Ryan Hopper

Personal information
- Date of birth: 13 November 1993 (age 32)
- Place of birth: Manchester, England
- Height: 5 ft 7 in (1.70 m)
- Position: Midfielder

Youth career
- Oldham Athletic
- 2010–2012: Accrington Stanley

Senior career*
- Years: Team / Apps / (Gls)
- 2012: Accrington Stanley / 4 / (0)
- 2012: → Droylsden (loan) / 5 / (0)
- 2012–2014: Mossley / 33 / (0)
- 2014–: New Mills

= Ryan Hopper =

English footballer

Ryan Hopper is an English footballer who played as a midfielder for Accrington Stanley in Football League Two.

==Career==
Hopper was born in Manchester, England.
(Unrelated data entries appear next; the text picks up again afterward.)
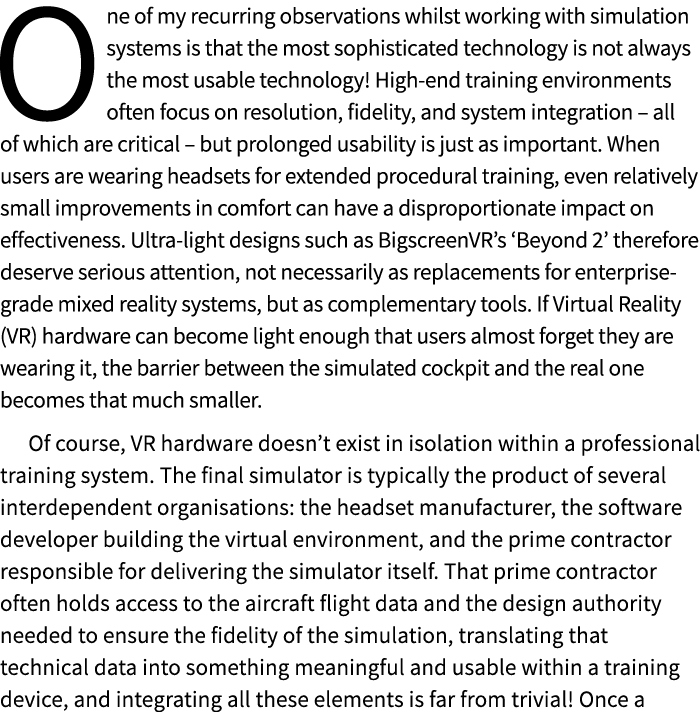 One of my recurring observations whilst working with simulation systems is that the most sophisticated technology is ...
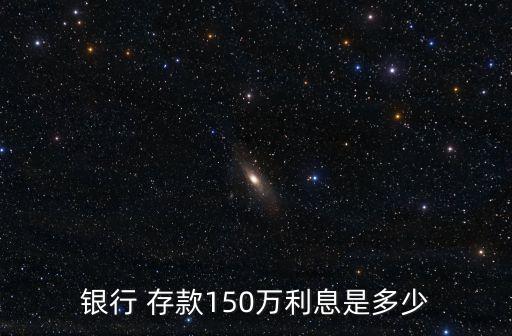 銀行 存款150萬(wàn)利息是多少
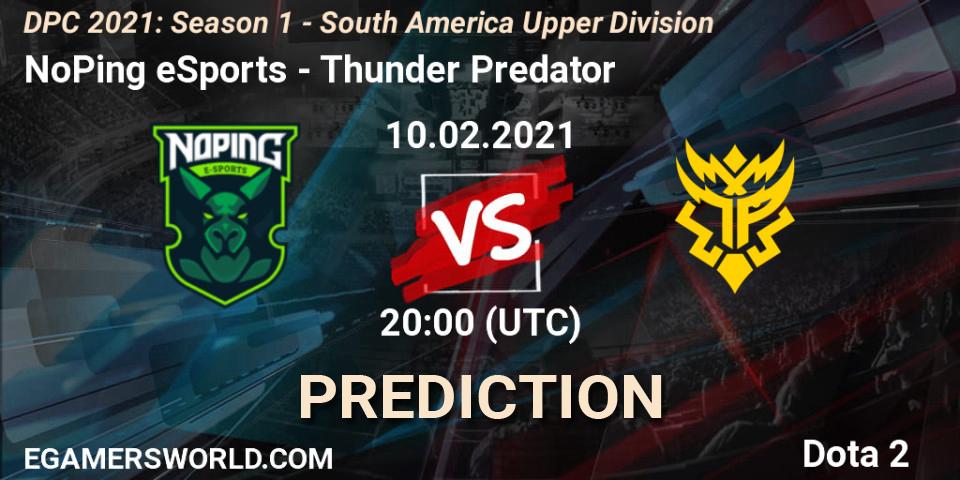 NoPing eSports vs Thunder Predator: Betting TIp, Match Prediction. 10.02.21. Dota 2, DPC 2021: Season 1 - South America Upper Division
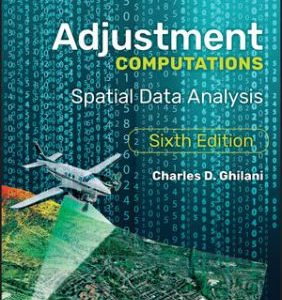 Adjustment Computations: Spatial Data Analysis 6th Edition Ghilani - Solution Manual
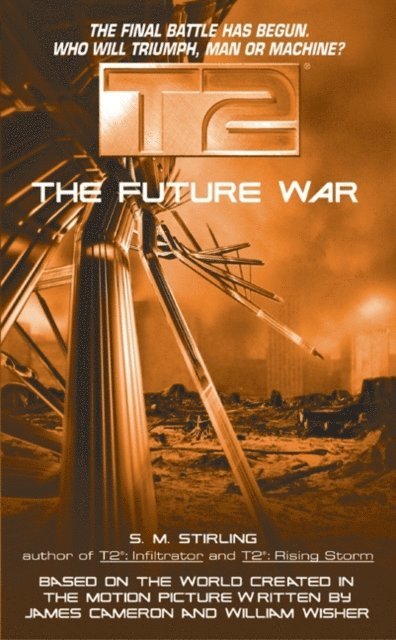 S.M. Stirling - T2: The Future War, E-bok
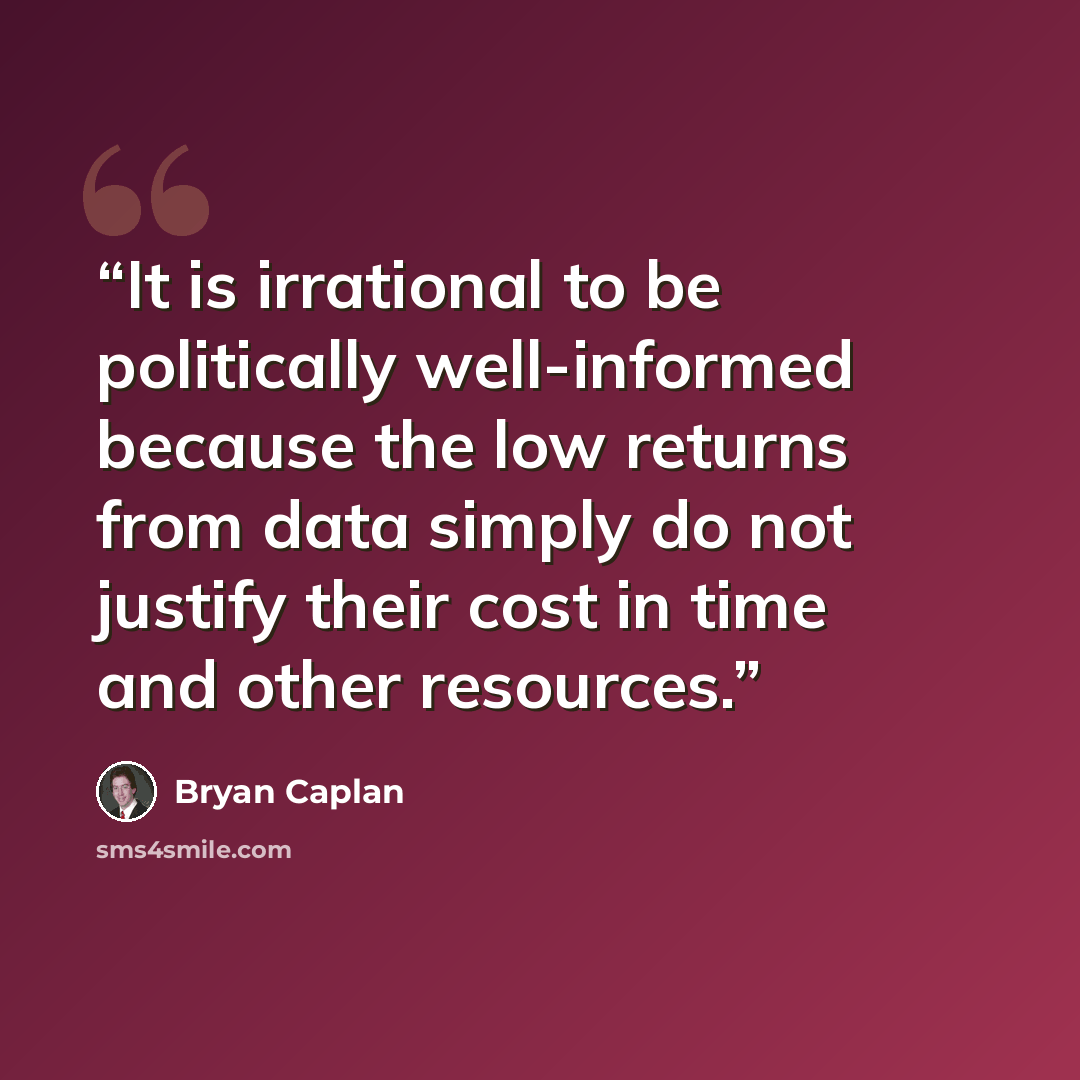 “It is irrational to be politically well-informed because the low returns from data simply do not justify their cost in time and other resources.” quote by Bryan Caplan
He started his career in the youth team of Oldham Athletic but joined Accrington Stanley in May 2010 on a two-year scholarship. He made his Stanley debut on 27 March 2012, in a 2–0 home defeat to Oxford United, coming on as a substitute for Charlie Barnett. On 16 August 2012, he joined Conference North side Droylsden on a three-month loan.

In December 2012 he joined Mossley and later had spells at New Mills, Winsford United and Droylsden.